水曜日、アイコンファクトリーは資源不足のため、複数のアプリを売却すると発表しました。同社は、アプリの数が増えすぎて管理が難しくなったと説明していますが、実際には投資利益率の高いアプリに集中せざるを得ない状況です。
アイコンファクトリーの共同創業者であるゲッド・マヒュー氏は、「多くの満足した忠実な顧客がいる」としながらも、副次的な製品を維持することができないと述べています。
アイコンファクトリーは、Tapestry、Linea Sketch、Wallaroo、Tot、およびRetro Pixel Portraitsに関する新プロジェクトについては継続して取り組む方針です。一方で、他のアプリについては「真剣なオファー」を受け入れるとしています。これらの売却には知的財産権やソースコードが含まれるということです。
特に注目すべきは、AIが同社のビジネスに大きな影響を与えている点です。アイコンファクトリーの開発者であるショーン・ヘバー氏は、今月初めにMastodonの投稿で「ChatGPTや他のAIサービスが基本的にアイコンファクトリーを殺している」と述べました。
問題は、人々がAIを使ってモバイルアプリを代替していることではなく、アプリデザイン企業の需要が減少していることです。アイコンファクトリーは、自社アプリの開発に加えて、アイコンデザインやアプリデザイン、マーケティング資産の作成、ブランディング、コンサルティングサービスを提供して収益を上げていました。
これらのサービスは、現在AIによって脅かされています。「ChatGPTを使って5分で新しいアプリアイコンを生成し、数時間でアプリを作成することができる時代に、私たちがどうやって生計を立てていくべきか分かりません」とヘバー氏は述べています。
もう一つの問題は、2023年にイーロン・マスク氏がTwitterrificを含むサードパーティクライアントを禁止したことで、アイコンファクトリーの主要な収益源が失われたことです。同社はユーザーにApp Storeの返金を辞退するよう呼びかけ、存続を図りました。

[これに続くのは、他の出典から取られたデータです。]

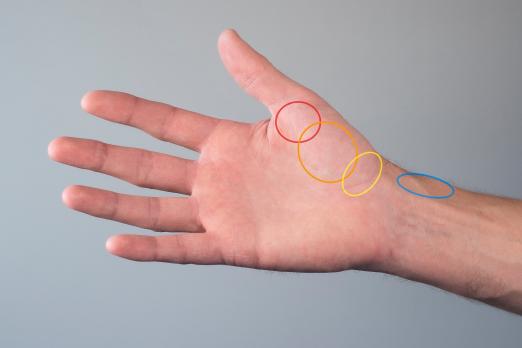 Diagnostiek en therapie bij pijn in de duimregio (VI)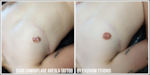 An example of scar camoflage areola tattoo by Kaysie Anderson, founder and owner of Exuvium Studios in Portland, in an undated provided image.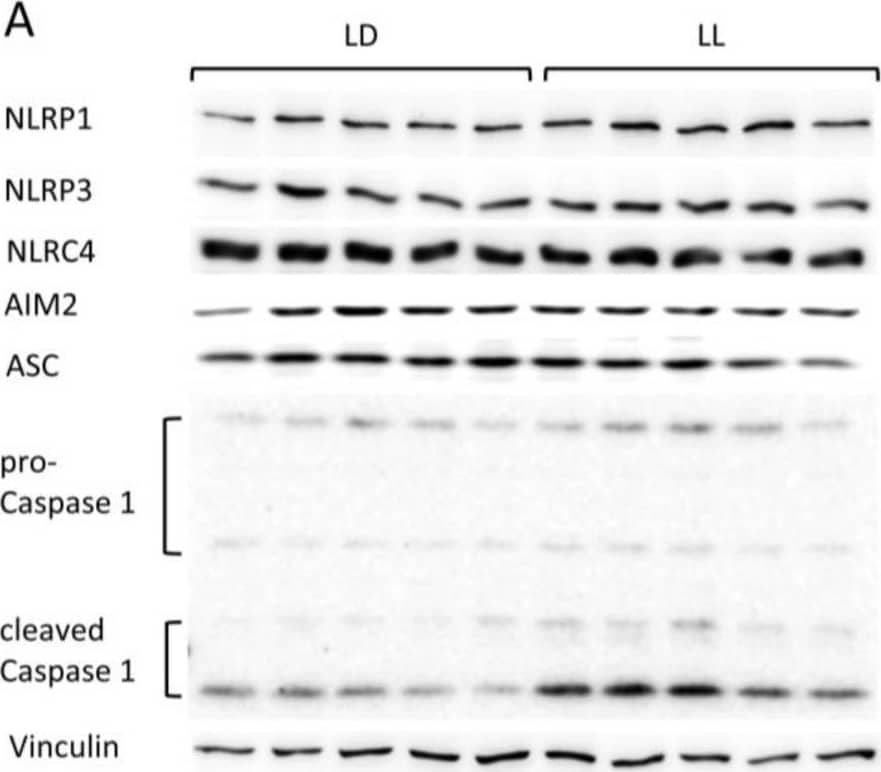 Western Blot NLRP1/NALP1 Antibody - BSA Free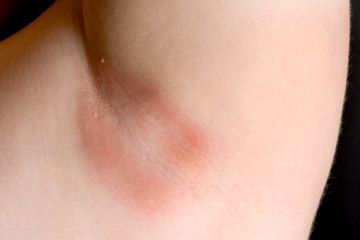 bacterial infection armpit lump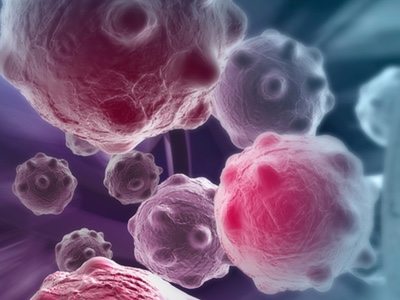 Cell Medica acquires WT1 cancer immunotherapy from CGT Catapult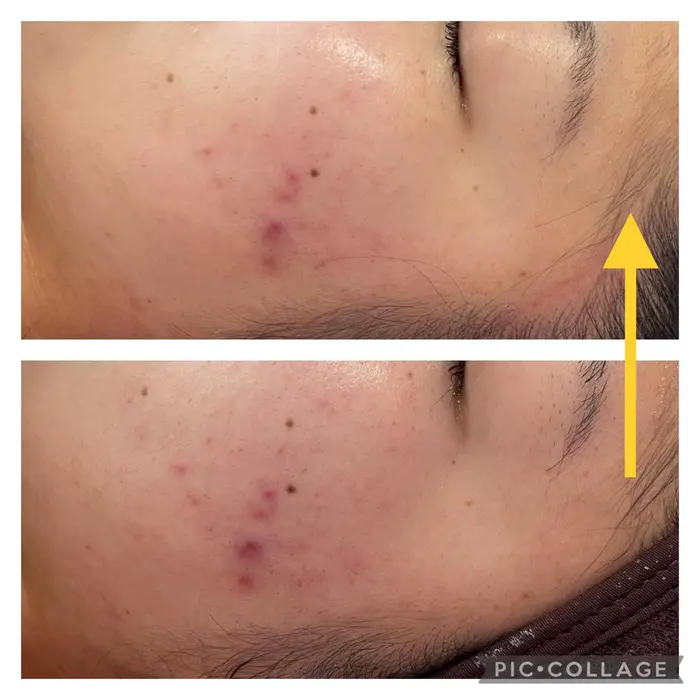 炎症ニキビは シンプルに スキンケア用品もおすすめします 毛穴 くすみ専門店hagukumu はぐくむ 所属 Hagukumu はぐくむ のエステ リラクカタログ ミニモ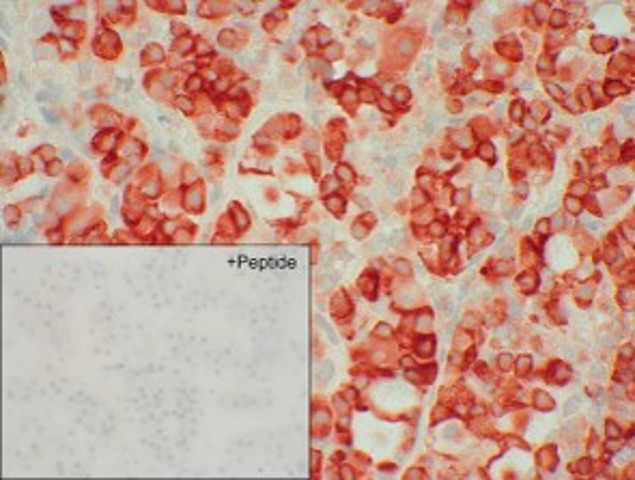 SSTR3 Antibody in Immunohistochemistry (IHC)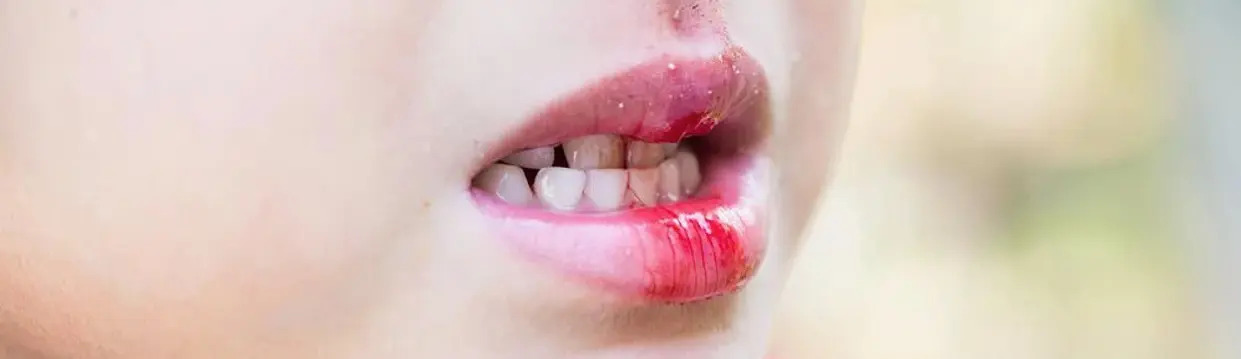 Dental Emergencies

ヘバー氏は、「まずTwitter/イーロンが我々の主要なアプリ収益を奪い、その後に生成AIがデザイン収益にとどめを刺した」と述べています。「我々が大企業だと思われているかもしれませんが、実際には6人しかおらず、資金もほとんどありません」とも述べています。

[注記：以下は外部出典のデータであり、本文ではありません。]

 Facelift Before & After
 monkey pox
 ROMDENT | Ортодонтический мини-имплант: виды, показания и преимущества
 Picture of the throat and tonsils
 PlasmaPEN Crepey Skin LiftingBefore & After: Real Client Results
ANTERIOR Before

アイコンファクトリーは、オープンソーシャルウェブを新たな収益源として模索し、Tapestryというアプリを立ち上げました。このアプリは、RSSフィードやYouTube、Mastodon、Redditなどのオープンウェブのソースを追跡することができます。

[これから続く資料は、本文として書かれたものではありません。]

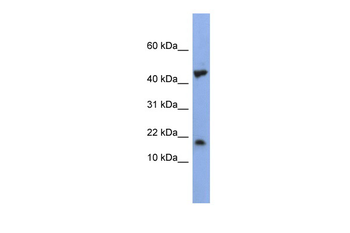 LSM1 Rabbit Polyclonal Antibody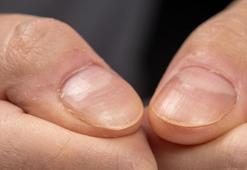Biotin eksikliği böyle anlaşılıyor! Tırnaklarınızdaki bu detaya dikkat edin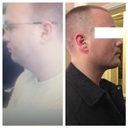 Final update. 8 months after. Lost some weight too since the other "after" photos were taken.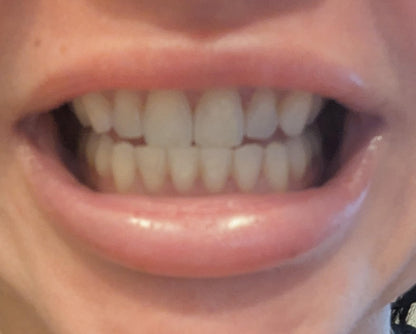 Stylo Blanchissant Violet – Sourire Éclatant Instantané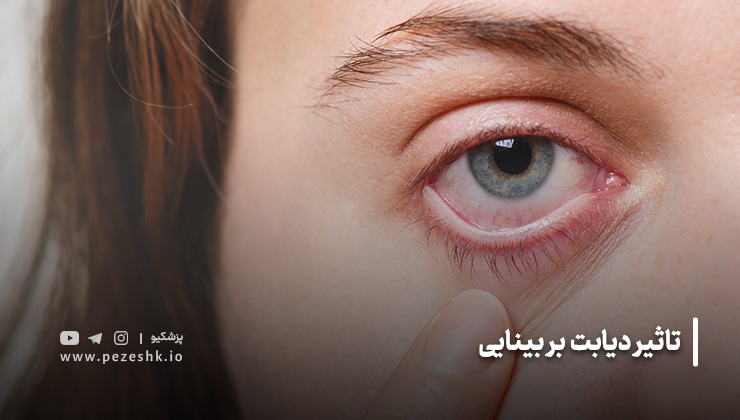 تاثیر دیابت بر بینایی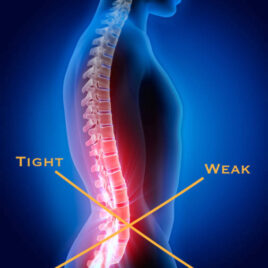 Therapeutic Massage for Lower Crossed Syndrome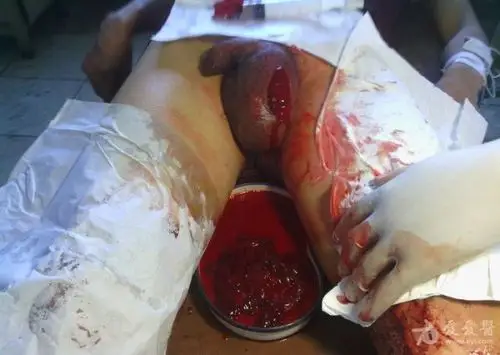 武某某 男 31岁 自切睾丸一例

Tapestryは現在も同社の取り組みの一部として残っていますが、その将来は不透明です。オープンソーシャルメディアプラットフォームは依然として大手技術企業に比べて小規模であり、Tapestryのようなアプリの需要は限られています。
ヘバー氏は、「TapestryのKickstarterは会社にとっての賭けだったが、十分な数の購読者を得ることができていない」と述べています。
AIがアプリ作成のビジネスをコモディティ化し続けるなら、アイコンファクトリーだけでなく他の企業も影響を受けることになるでしょう。しかし、AIによるアプリには人間の入力が欠如しているだけでなく、セキュリティが緩いという問題もあります。
アイコンファクトリーの共同創業者であるマヒュー氏は、AIがデザインサービスに影響を与えていると認めつつも、「まだ会社を殺してはいない」と述べています。
多くのインディー開発者が、アプリアイコンのようなグラフィカル作業のために安価または無料のAIソリューションを採用しており、これが同社のサービスの一部を脅かしています。アップルのグラフィカルシステム「SF Symbols」もまた、開発者が利用することができ、影響を与えています。
「我々は、UXコンサルティングやコーディングコンサルテーション、サイド収益サービスなどに提供範囲を拡大して、失われたデザイン作業の収益を補おうとしています。アップルのLiquid Glassの導入は、新たなデザイン作業やコンサルティングの機会を提供しており、いくつかの企業と協力しているので希望が持てます」と述べています。